If the problem lies with CCA, I can just simply join, can't I? Just like what V did. But no one even bothered to ask "Hey, you wanna join the CCA so that you can join us at the Loft?", or "Hey, are you really not staying with us?". Or if they've forgotten that I was around when they talk about it, then they should be saying "Hey, you free on the Vesak day? We staying at the loft, you want to join us?"
Now, they just simply use the excuse of "oh it's full already".
No, you don't get it. It's not about the stay that I mind about. It's about my position in you guys' heart. It's about what I really am to you guys. You guys just don't discuss anything with me. It's not that I want to be 霸道 and want yall to listen to me like some 老大 like that. I just want to be part of you guys, I just want to get involved. But why is it that difficult? I do have dignity. I don't like to take the initiative all the time coz I don't have to do this in other group. I can't even comment anything anymore at this point of time since that everything has been set, those who need to join the CCA has joined, those rooms are already full, those plans are already made. Complaining much won't change anything. I just hope you guys can really 将心比心, put yourselves in my shoe. It seems like you guys have each other to count on, but I don't. I'm just alone. Whatever I missed out, I need to catch up and find out by myself. If I don't, then it's too bad. Coz you guys are not obliged to do all these for me, you guys are not my maid. The treatment is just so different when it comes to me (you know what I meant).

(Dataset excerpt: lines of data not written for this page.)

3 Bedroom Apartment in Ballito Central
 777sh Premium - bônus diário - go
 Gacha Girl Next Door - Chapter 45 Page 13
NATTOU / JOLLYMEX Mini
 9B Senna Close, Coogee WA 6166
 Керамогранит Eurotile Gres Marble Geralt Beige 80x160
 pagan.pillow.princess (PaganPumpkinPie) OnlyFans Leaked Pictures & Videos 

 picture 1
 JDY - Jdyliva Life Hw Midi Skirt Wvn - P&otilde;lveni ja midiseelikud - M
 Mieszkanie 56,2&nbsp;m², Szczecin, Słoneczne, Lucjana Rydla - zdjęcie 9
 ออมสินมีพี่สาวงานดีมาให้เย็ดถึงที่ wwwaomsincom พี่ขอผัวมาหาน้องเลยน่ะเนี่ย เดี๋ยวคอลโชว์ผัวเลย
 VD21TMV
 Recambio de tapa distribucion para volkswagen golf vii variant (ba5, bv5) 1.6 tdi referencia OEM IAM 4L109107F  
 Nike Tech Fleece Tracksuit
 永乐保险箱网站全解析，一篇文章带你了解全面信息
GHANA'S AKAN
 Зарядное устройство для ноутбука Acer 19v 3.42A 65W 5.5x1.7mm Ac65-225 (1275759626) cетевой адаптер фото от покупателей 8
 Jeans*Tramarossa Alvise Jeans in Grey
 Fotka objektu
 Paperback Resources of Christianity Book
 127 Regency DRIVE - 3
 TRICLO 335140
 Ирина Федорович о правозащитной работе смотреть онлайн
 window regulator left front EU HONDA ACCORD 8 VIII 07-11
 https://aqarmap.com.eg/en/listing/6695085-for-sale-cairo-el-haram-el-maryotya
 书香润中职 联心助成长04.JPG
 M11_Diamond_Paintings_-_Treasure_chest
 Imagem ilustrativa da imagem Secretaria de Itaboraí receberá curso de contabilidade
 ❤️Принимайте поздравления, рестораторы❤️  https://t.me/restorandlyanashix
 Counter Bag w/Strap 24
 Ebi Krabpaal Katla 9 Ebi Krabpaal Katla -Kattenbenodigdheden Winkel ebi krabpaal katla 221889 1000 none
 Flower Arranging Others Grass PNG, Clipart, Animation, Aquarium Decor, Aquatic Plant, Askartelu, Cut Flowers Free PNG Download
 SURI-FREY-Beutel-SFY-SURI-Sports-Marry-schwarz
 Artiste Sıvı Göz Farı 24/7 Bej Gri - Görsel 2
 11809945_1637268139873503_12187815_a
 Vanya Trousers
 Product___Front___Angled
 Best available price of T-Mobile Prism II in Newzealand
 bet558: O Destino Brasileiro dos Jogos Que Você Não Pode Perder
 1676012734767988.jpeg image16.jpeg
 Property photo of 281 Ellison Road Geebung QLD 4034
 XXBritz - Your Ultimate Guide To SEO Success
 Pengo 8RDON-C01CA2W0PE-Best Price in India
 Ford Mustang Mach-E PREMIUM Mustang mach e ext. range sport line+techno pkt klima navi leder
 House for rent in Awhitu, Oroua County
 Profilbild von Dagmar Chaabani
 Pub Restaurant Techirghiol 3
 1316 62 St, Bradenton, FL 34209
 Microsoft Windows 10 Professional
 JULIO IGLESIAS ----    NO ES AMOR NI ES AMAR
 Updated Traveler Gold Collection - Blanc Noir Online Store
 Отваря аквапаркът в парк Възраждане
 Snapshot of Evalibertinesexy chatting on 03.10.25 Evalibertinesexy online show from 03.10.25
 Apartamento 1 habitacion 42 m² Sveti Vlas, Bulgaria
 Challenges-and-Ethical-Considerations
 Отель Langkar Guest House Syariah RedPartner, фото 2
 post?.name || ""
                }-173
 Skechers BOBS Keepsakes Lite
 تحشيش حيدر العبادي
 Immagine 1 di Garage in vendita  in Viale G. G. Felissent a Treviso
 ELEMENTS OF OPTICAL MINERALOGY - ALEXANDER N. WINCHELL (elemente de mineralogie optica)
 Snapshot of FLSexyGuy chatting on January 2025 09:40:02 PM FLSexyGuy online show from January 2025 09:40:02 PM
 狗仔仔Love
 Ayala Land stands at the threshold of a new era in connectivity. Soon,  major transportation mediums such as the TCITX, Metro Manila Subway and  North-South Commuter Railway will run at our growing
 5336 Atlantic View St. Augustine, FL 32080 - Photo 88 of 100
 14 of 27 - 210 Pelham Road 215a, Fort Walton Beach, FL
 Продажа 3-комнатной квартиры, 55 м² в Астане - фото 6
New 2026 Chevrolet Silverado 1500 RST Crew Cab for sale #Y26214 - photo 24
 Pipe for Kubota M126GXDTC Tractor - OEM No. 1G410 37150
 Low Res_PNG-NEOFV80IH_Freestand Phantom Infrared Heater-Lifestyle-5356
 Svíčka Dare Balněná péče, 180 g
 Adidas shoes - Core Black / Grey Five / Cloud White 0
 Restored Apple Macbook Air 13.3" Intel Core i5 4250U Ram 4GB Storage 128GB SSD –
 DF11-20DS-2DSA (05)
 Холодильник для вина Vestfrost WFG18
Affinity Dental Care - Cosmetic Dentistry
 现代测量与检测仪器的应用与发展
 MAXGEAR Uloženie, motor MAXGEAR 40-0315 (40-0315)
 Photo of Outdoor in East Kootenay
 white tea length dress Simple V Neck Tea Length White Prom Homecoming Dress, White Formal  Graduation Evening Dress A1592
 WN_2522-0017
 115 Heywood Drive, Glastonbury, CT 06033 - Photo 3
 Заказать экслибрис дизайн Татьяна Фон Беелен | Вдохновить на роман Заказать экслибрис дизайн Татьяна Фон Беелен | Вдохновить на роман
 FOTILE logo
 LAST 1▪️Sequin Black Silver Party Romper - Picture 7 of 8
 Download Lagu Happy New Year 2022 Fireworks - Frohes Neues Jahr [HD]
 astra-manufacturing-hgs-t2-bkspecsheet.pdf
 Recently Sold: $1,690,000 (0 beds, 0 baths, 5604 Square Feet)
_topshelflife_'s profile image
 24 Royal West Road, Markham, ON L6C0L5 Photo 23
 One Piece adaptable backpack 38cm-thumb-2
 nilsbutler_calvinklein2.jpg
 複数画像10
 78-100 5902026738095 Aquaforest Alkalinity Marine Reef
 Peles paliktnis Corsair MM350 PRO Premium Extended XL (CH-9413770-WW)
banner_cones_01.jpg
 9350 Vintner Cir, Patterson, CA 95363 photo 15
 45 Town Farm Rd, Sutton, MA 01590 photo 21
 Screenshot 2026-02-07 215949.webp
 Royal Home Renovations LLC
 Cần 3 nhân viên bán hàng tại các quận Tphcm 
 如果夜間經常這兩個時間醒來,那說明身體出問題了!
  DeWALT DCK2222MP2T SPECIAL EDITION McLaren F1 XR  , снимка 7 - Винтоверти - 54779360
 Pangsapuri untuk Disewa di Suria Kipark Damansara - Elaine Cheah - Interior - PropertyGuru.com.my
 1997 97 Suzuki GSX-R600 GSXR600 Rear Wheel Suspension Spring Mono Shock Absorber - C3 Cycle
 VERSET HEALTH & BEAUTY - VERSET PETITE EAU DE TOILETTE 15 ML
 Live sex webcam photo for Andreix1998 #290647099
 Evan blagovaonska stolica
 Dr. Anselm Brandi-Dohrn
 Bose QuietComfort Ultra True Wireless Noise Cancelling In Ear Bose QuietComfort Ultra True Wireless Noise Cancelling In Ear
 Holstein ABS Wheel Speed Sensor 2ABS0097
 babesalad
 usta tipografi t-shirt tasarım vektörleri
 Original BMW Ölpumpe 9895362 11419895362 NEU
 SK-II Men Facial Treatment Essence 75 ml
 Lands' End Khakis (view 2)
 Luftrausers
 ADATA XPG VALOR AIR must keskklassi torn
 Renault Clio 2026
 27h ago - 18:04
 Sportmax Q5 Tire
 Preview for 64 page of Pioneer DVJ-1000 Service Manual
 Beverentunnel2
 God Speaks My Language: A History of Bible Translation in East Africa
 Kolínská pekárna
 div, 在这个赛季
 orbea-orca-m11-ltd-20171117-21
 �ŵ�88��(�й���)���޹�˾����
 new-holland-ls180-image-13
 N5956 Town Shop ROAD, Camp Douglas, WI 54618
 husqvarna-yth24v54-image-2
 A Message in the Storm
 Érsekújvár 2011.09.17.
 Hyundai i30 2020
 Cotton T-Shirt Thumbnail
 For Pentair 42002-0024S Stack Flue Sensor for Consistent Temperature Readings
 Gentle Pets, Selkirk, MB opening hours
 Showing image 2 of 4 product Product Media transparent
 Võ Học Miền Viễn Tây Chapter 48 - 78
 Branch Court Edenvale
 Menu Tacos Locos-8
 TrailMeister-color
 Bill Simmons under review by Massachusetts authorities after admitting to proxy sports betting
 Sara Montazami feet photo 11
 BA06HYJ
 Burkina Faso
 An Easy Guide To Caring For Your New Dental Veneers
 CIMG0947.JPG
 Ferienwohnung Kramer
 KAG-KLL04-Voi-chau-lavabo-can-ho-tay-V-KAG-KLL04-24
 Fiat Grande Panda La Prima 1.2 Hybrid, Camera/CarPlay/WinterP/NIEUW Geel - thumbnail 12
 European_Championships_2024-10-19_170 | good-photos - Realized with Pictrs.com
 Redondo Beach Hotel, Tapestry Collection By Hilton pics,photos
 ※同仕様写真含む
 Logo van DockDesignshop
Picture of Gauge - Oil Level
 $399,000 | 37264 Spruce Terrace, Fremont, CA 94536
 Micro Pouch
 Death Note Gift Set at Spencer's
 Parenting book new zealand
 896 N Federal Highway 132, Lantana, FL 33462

I know, you guys can just say "Since you feel happier with your other friends then go and join them lah, go and find them and stop complaining about being left out when you're with us." But that's how I value you guys, that's how important I treat you guys that I want to do whatever it takes so that I can really be a part of you guys. But do you guys really appreciate my effort? Or have you guys been paying attention about it? It seems that I'm one of you guys just by a look at it from an outsider's view. But.... am I really one?
I really really feel damn extra. Should I just leave this group and probably join the other clique in the class? What's the point of all this shit?